[Short text fragments from websites]
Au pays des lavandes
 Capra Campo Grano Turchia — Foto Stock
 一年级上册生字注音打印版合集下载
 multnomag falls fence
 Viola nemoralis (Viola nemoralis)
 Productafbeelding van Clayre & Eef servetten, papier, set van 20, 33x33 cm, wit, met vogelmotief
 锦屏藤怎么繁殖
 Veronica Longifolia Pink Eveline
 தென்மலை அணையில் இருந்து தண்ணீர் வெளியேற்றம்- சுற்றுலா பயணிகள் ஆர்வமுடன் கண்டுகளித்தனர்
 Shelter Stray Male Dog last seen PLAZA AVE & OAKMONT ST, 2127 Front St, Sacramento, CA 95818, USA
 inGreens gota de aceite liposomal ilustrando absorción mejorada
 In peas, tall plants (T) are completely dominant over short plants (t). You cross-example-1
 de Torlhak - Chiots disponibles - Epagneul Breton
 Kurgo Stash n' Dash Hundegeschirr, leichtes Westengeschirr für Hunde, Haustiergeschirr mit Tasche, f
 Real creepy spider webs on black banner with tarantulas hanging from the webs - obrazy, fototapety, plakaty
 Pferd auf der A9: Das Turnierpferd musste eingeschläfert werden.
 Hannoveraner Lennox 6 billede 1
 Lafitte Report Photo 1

### TASK PROMPT
The entries above hold the needed span. Transcribe exactly the lines from the one with "一年级上册生字注音打印版合集下载" to the one with "Shelter Stray Male", both included.

### WRITTEN SOLUTION
 一年级上册生字注音打印版合集下载
 multnomag falls fence
 Viola nemoralis (Viola nemoralis)
 Productafbeelding van Clayre & Eef servetten, papier, set van 20, 33x33 cm, wit, met vogelmotief
 锦屏藤怎么繁殖
 Veronica Longifolia Pink Eveline
 தென்மலை அணையில் இருந்து தண்ணீர் வெளியேற்றம்- சுற்றுலா பயணிகள் ஆர்வமுடன் கண்டுகளித்தனர்
 Shelter Stray Male Dog last seen PLAZA AVE & OAKMONT ST, 2127 Front St, Sacramento, CA 95818, USA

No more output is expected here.